With new highs being marked nearly every week, this would not be good, to say the least.

Fracking: Disrupting The Global Economy

One of the major causes of crude price volatility is hydraulic fracturing or fracking. You will remember from your college course Fracking 101, what is involved is extracting energy from rock using high-pressure injections of water and chemicals.

Fracking is environmentally very controversial but that has not stopped the industry of buying its way into mainstream America. Sure it has had something to do with the record number of earthquakes in Oklahoma where fracking has been roaring ahead. And there are those questions about the safety of ground water near the drilling fields.

Facts of daily life like earthquakes and poisonous water are the kinds of things that get called fake news. Powerful industries can get away with it. For backers of the fracking phenomenon, it is changing the world on the way to making America great again.

US Reemerging Oil Exporter

In 2014 the United States began exporting oil for the first time in more than 40 years. Output from fracking is what made this possible.
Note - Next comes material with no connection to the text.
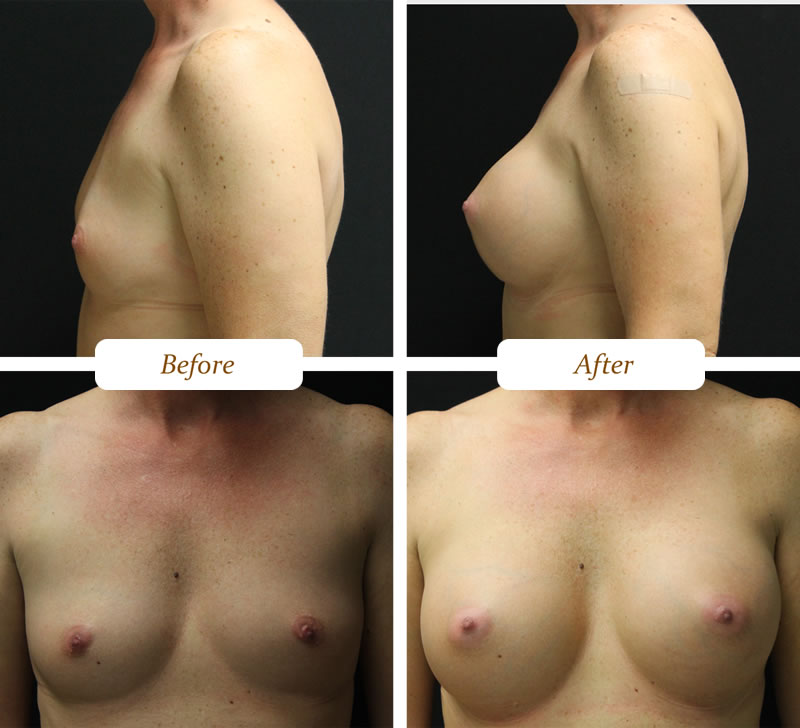 breast_aug_3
It’s no longer places like Eagle Ford Texas or Bakken, North Dakota that are getting investment attention.

Everyday there are announcements from spots in Pennsylvania, Ohio, Kentucky and elsewhere about new energy initiatives.

The economics of hydro fracking are comparatively fast and simple. Compare the time and cost of offshore drilling for energy and you start to appreciate the appeal of fracking.

One of it’s advantages is the low cost and short lead time to the start of production. Whereas offshore exploration might need prices of $60-$90 per barrel, experts have place the trigger price for fracking between $40-$50.

It’s More Complicated

It would be more than a bit naïve to suggest that the entire global energy quotient is determined by fracking. However it is worth noting that over the past two years, the trading range of crude has ranged between $43 and $57 and this matches the trigger price for fracking production.

Any boost to corporate profits this year may not be coming from the energy sector. This is just something to keep in mind when trying to figure out this record high equities market.